### [Problem requirements]
Scan the data below for lines holding the word "from", and copy each line found.

[Extracted information — start]

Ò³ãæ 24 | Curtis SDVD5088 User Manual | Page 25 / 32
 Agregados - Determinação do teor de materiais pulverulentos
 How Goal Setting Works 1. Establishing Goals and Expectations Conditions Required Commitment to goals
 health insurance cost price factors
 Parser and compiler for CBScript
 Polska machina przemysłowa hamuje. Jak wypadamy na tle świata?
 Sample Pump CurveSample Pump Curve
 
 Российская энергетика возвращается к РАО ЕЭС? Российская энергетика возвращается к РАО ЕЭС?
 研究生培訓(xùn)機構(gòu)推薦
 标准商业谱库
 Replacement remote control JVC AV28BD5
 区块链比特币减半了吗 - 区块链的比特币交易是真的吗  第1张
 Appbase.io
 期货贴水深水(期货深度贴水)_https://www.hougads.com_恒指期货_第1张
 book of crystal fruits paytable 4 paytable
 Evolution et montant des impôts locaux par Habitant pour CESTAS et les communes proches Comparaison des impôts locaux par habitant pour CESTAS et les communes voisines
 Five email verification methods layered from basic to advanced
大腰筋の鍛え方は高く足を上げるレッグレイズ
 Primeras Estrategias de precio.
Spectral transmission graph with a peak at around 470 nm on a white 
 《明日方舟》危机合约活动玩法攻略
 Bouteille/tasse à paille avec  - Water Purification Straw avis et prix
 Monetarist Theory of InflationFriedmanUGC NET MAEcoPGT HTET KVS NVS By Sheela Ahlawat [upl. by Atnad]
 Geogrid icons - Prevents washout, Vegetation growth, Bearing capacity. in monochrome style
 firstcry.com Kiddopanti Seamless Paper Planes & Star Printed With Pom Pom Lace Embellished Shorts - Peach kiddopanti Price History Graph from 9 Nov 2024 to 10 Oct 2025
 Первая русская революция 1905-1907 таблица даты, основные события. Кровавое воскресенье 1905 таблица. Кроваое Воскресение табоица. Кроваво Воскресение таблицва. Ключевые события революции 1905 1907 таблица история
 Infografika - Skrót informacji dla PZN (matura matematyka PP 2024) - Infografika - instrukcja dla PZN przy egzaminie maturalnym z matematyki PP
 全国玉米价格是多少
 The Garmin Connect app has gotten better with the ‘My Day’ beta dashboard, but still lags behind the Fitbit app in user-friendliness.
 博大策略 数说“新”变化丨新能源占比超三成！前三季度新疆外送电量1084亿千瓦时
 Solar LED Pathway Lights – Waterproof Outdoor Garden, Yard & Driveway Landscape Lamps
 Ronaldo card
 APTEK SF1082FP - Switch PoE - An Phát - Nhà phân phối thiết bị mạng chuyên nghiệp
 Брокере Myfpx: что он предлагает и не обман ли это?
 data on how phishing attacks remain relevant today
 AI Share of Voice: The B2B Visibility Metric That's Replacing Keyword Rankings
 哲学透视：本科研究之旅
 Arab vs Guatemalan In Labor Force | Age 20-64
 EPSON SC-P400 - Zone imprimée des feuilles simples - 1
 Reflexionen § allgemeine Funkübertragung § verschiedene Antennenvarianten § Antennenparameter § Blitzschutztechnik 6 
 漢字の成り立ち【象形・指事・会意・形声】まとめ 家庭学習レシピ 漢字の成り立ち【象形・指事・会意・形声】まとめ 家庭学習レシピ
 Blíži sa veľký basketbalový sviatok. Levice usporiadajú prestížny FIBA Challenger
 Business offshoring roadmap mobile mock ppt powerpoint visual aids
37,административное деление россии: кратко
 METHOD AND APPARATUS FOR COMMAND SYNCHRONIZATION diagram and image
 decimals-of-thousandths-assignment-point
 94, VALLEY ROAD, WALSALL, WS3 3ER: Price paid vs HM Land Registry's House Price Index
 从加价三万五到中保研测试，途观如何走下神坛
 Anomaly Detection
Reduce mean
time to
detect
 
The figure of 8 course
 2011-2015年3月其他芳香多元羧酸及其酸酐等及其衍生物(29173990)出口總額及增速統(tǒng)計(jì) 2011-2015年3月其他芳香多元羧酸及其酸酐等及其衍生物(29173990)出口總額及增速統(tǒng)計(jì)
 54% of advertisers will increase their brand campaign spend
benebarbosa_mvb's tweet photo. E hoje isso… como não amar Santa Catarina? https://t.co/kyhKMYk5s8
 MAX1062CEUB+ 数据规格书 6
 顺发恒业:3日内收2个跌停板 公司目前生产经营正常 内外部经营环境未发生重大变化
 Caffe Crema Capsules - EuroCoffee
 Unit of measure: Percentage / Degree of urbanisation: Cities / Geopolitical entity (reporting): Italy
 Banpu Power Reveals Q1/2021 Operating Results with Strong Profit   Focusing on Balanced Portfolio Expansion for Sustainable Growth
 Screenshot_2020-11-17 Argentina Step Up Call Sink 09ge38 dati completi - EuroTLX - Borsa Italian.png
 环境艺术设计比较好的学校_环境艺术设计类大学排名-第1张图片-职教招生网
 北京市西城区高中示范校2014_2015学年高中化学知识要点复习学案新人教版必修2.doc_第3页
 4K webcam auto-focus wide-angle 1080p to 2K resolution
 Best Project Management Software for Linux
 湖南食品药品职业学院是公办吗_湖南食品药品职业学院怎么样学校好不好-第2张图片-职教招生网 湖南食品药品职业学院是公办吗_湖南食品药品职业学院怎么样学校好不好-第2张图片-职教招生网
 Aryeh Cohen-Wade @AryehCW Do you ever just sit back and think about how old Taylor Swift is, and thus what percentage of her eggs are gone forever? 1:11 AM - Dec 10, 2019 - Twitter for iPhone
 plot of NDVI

[Extracted information — finish]

### [Result of the exercise]
 Five email verification methods layered from basic to advanced
 firstcry.com Kiddopanti Seamless Paper Planes & Star Printed With Pom Pom Lace Embellished Shorts - Peach kiddopanti Price History Graph from 9 Nov 2024 to 10 Oct 2025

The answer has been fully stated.